What is being asked
Repeat the records below exactly, beginning at the first line and finishing with the line that contains "04-08 ACURA TL".

Records shown

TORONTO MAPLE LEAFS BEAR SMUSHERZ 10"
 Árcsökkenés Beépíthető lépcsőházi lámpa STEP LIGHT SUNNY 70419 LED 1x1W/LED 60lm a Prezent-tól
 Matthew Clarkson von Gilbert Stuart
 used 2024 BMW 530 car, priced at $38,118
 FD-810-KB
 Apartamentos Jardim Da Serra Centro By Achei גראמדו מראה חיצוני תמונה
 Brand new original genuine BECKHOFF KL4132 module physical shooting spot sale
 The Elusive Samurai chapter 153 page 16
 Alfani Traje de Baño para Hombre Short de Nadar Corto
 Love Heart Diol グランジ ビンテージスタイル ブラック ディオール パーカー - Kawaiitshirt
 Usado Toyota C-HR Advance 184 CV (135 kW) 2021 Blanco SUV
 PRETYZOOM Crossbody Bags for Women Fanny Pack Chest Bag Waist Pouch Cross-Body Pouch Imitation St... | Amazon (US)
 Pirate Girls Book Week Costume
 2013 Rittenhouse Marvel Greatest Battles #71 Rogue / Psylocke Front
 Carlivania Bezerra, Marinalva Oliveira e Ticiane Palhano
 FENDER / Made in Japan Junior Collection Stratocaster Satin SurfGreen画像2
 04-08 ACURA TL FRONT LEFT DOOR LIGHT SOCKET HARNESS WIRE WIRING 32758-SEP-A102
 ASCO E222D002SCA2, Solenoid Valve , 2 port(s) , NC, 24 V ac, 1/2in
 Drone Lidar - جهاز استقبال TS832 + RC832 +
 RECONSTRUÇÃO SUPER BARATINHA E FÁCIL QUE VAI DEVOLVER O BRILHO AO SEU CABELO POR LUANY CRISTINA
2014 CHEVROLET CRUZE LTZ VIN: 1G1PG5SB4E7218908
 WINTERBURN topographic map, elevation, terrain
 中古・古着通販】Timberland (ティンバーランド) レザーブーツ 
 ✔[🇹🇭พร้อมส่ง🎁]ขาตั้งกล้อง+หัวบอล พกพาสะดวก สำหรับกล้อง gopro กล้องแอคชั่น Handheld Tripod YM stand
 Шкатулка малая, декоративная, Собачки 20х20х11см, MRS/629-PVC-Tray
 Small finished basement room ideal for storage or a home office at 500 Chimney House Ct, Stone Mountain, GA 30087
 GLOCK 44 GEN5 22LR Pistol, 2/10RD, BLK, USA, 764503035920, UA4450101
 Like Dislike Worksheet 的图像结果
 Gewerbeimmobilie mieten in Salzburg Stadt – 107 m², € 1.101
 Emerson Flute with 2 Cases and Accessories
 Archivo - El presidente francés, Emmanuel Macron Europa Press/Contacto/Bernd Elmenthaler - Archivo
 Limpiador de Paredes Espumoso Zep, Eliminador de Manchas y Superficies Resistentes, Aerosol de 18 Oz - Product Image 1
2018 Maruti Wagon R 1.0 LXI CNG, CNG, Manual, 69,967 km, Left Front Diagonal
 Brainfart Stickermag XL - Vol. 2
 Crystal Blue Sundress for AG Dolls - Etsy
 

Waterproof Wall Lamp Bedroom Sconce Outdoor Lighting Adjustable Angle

Reply
TORONTO MAPLE LEAFS BEAR SMUSHERZ 10"
 Árcsökkenés Beépíthető lépcsőházi lámpa STEP LIGHT SUNNY 70419 LED 1x1W/LED 60lm a Prezent-tól
 Matthew Clarkson von Gilbert Stuart
 used 2024 BMW 530 car, priced at $38,118
 FD-810-KB
 Apartamentos Jardim Da Serra Centro By Achei גראמדו מראה חיצוני תמונה
 Brand new original genuine BECKHOFF KL4132 module physical shooting spot sale
 The Elusive Samurai chapter 153 page 16
 Alfani Traje de Baño para Hombre Short de Nadar Corto
 Love Heart Diol グランジ ビンテージスタイル ブラック ディオール パーカー - Kawaiitshirt
 Usado Toyota C-HR Advance 184 CV (135 kW) 2021 Blanco SUV
 PRETYZOOM Crossbody Bags for Women Fanny Pack Chest Bag Waist Pouch Cross-Body Pouch Imitation St... | Amazon (US)
 Pirate Girls Book Week Costume
 2013 Rittenhouse Marvel Greatest Battles #71 Rogue / Psylocke Front
 Carlivania Bezerra, Marinalva Oliveira e Ticiane Palhano
 FENDER / Made in Japan Junior Collection Stratocaster Satin SurfGreen画像2
 04-08 ACURA TL FRONT LEFT DOOR LIGHT SOCKET HARNESS WIRE WIRING 32758-SEP-A102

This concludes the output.